What they cooked up was Things Gateway. It’s an open source home automation control solution built to run on the Raspberry Pi. Mozilla sees it as something that sits somewhere between a retail product like the Samsung SmartThings Hub, Amazon Echo or Google Home and a full-on DIY setup.
Who is Things Gateway for? It’s for people who want to simplify the operation of a house full of connected bulbs, switches, outlets, and sensors. Especially if they want to do it without being locked in to one company’s ecosystem. Things Gateway is a Mozilla project, after all. Transparency, openness and respect for user privacy are core concerns.

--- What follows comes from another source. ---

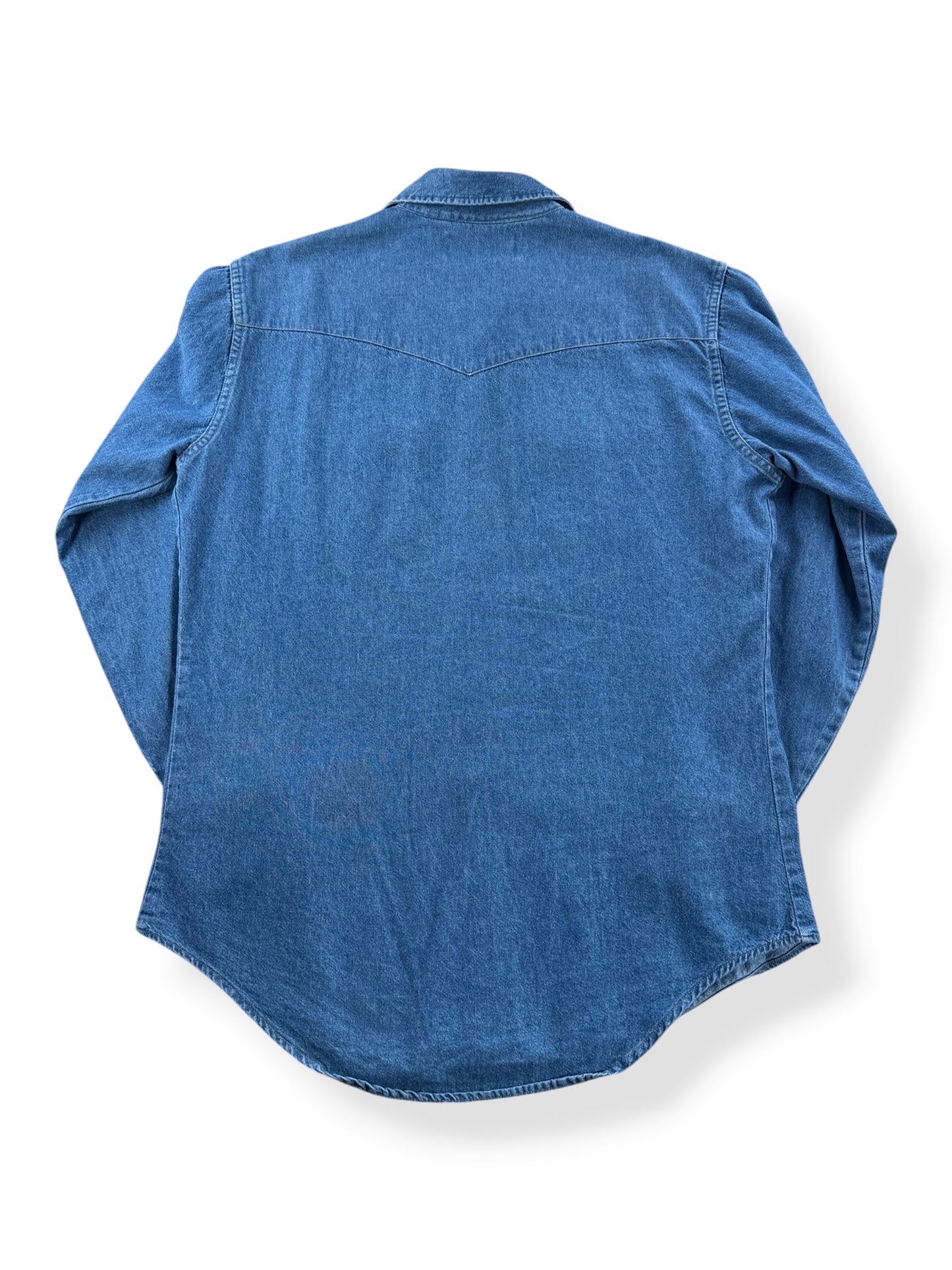 Back of Vintage Big Mac Denim Pearl Snap Shirt SZ L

Today, Mozilla announced a major upgrade to Things Gateway. With the new version come a number of features that put it more in line with its retail competition.
For starters, Mozilla has added support for more kinds of connected devices. There’s also a new add-on system that makes integrating devices (and protocols) that aren’t yet supported easier. Want to lay your devices out visually? You can now upload a floor plan of your space and arrange all the things.

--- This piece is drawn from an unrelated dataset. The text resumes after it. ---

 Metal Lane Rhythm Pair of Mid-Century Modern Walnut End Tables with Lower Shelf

Things Gateway also now offers built-in if-this-then-that functionality. It doesn’t rely on IFTTT, however. Recipes are created and run right in the Things Gateway’s “rules engine” without any data passing through a third party’s system.
The same is partly true of Mozilla’s voice assistant. It responds to spoken commands the way Alexa, Google, or Siri would, but does it without transmitting any speech data any third parties. A Mozilla spokesperson assured me that “processing occurs on Mozilla servers using our own speech engines,” adding “the user’s voice never leaves Mozilla servers.”
Another great feature of Things Gateway is that you’re in control of the hardware it runs on. Mozilla recommends using a Raspberry Pi for an optimal experience, but you’re free to fire it up on a compatible board. You can even run it on a laptop or desktop (your set-top box, maybe?) if you want to. All you need is a USB dongle that can communicate with Zigbee or Z-Wave devices.
Mozilla’s goal with Things Gateway is to “take care of the complicated stuff so that you can focus on the fun stuff.” Today’s update delivers… provided, of course, you find things like home automation to be a good time.